**Exercise input:**
········
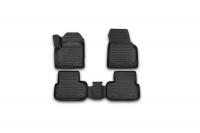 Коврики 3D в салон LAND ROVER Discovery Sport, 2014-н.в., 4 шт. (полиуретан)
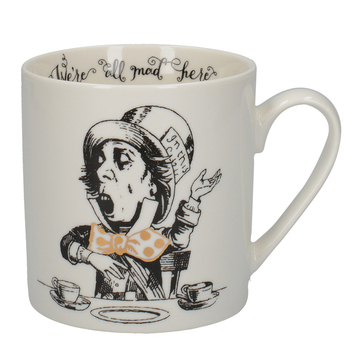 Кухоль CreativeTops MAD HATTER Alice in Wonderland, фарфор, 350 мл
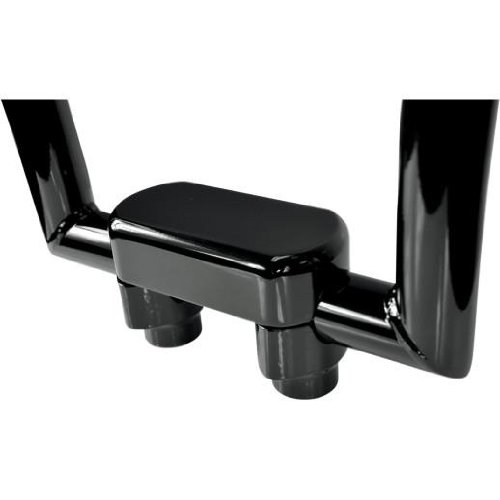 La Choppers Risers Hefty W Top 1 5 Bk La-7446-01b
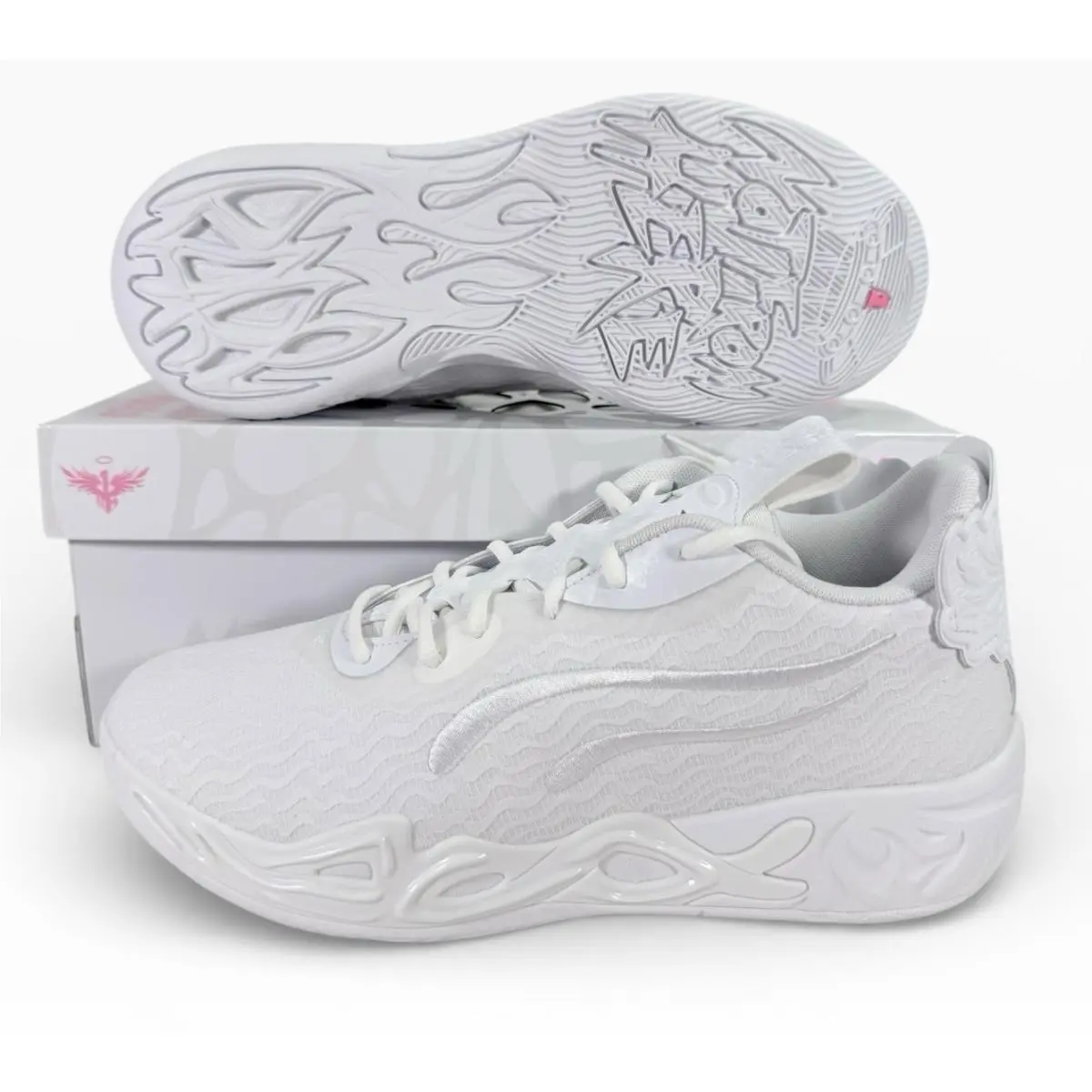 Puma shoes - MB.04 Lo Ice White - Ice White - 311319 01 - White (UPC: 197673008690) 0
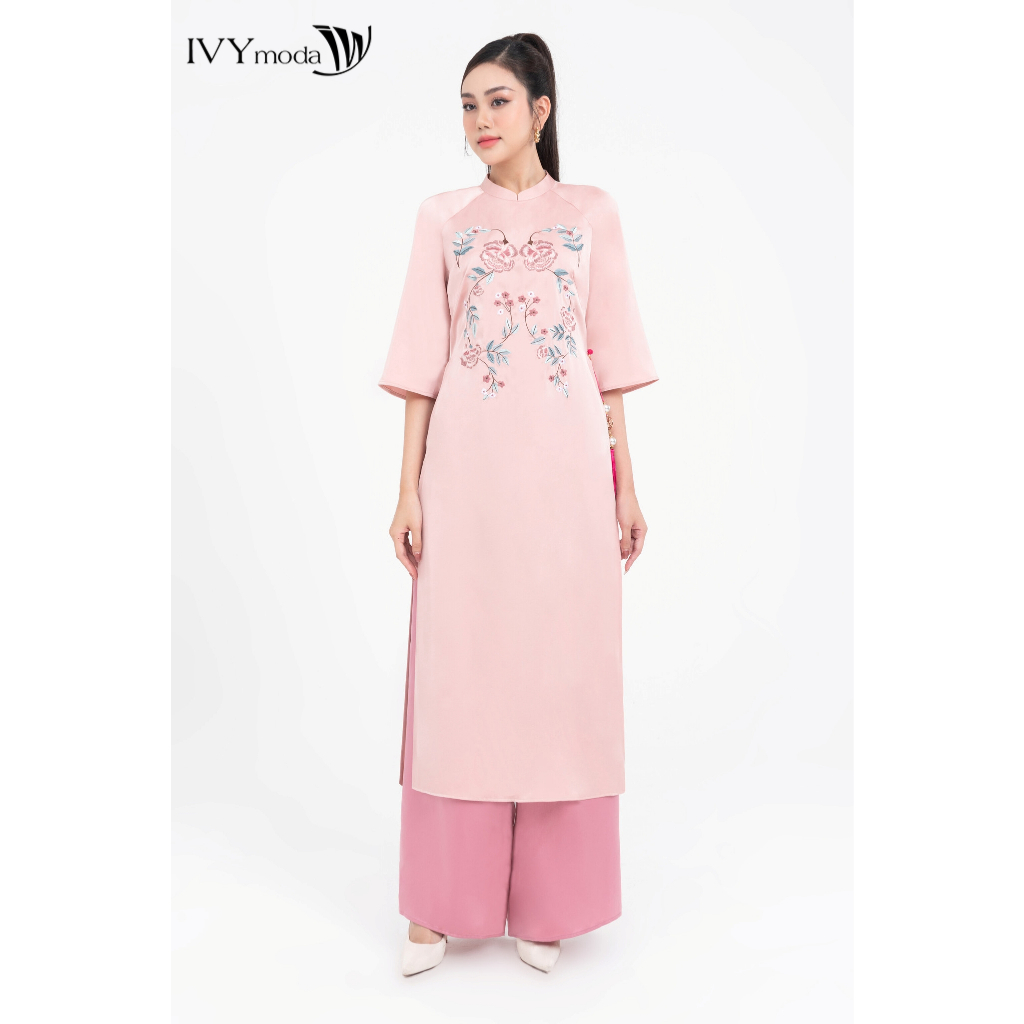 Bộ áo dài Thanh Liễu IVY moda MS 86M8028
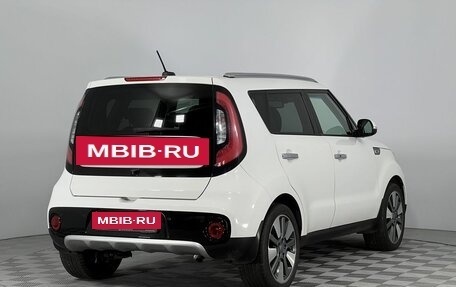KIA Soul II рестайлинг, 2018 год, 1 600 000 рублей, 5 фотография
········
**Brief:**
Reproduce exactly, with every picture left out, the lines from the one that contains "La Choppers Risers" to the final line of the records above.

**Task output:**
 La Choppers Risers Hefty W Top 1 5 Bk La-7446-01b
 Puma shoes - MB.04 Lo Ice White - Ice White - 311319 01 - White (UPC: 197673008690) 0
 Bộ áo dài Thanh Liễu IVY moda MS 86M8028
KIA Soul II рестайлинг, 2018 год, 1 600 000 рублей, 5 фотография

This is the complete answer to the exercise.